The all-party parliamentary group for medical cannabis has condemned the workings of the new cannabis medicine licensing regime after the family of Jorja Emerson finally got their hands on her prescription, having been forced to raise huge sums of money to secure it through a private hospital.
Two-year-old Jorja suffers from a rare form of epilepsy and life-threatening seizures. She has been treated with a number of heavily sedative pharmaceutical drugs that consultants have said are causing long-lasting damaging side effects.
Her father Robin (pictured) said that securing the prescription had been “an assault course of bureaucracy ”.
“I have faced near-total opposition in my quest to get my daughter access to a medicine that is now legal in the UK and has been shown to work in similar cases. No family should have to endure what we have been through.
“Thanks to the generosity of friends and supporters I have managed to raise enough money to fund the first few months of the medicine. But at £833.75 per month I face a desperately difficult future.”
He added on Facebook that “this week MPs will be asking the Prime Minister to step in and have the NHS honour Jorja’s prescriptions going forwards – having been forced to go private, this situation is not a long term solution.”
The Emersons secured the prescription through a neurologist at Portland Hospital in London. But they were then told it would take “weeks or months” to get hold of because no pharmacy had the licence to sell it. Thankfully, has now arrived.
On Monday, Mike Penning MP, co-chair of the parliamentary group for medical cannabis, lambasted the “serious cultural block within the NHS around medical cannabis”.
“For Jorja and her family this is a great day and I commend the private consultant, supported by her private hospital, who has taken the courageous decision to prescribe a medical cannabis product which she genuinely feels is in the best interest of her patient.
“Other families, many with children just as seriously ill as Jorja, continue to face a complete block from their NHS medical teams.”
He pointed out that most families did not have the means to go private, and in any case “the number of even private clinicians willing to prescribe appears to be in low single figures”.
“I do not believe that this is what the Prime Minister and Home Secretary envisaged when they made the bold change in the law on 1 November to reschedule medical cannabis to enable consultants to prescribe it,” he added.

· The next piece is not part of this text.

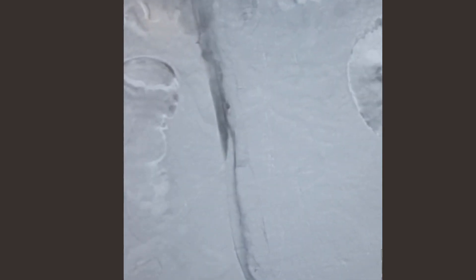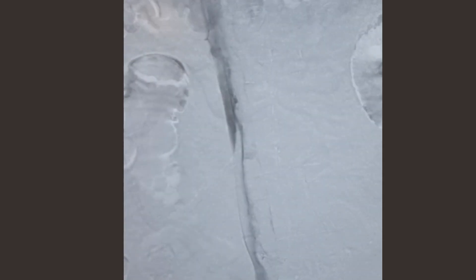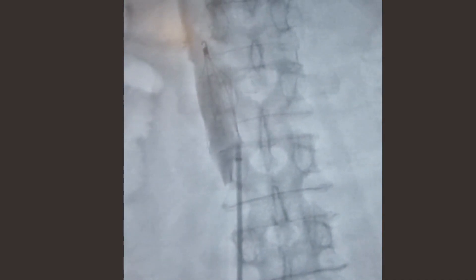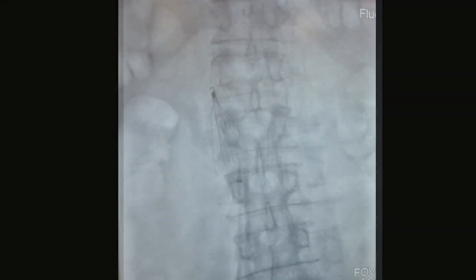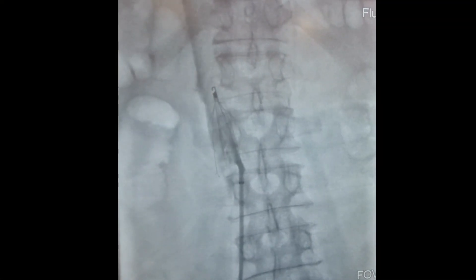Then the position is confirmed by injecting contrast. The IVC filter is introduced into the sheath with the help of a pusher or stylet. Then the placement of the IVC filter is confirmed by injecting contrast again. The final angiogram confirms the good placement of the IVC filter.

Calling for action from the highest levels of government to rectify a system that was “letting patients down”, co-chair Tonia Antoniazzi MP said: “The high-profile cases over the summer of Alfie Dingley and others clearly show that for some epileptic children medical cannabis containing low concentrations of THC [tetrahydrocannabinol] can be life-transforming.
“Denying parents the right for their children to try these newly available medicines is cruel. It appears that the medical profession is totally wedded to only prescribing a substance for which there is double-blind trial evidence. But there is a need for a common-sense perspective here.”
She added that many severely epileptic children were treated with conventional anti-epileptic drugs that had passed such trials, yet had severe side effects.
“To our knowledge, no one has ever died from taking THC, and in any case the concentrations that we are talking about in these medicines are very low,” she said.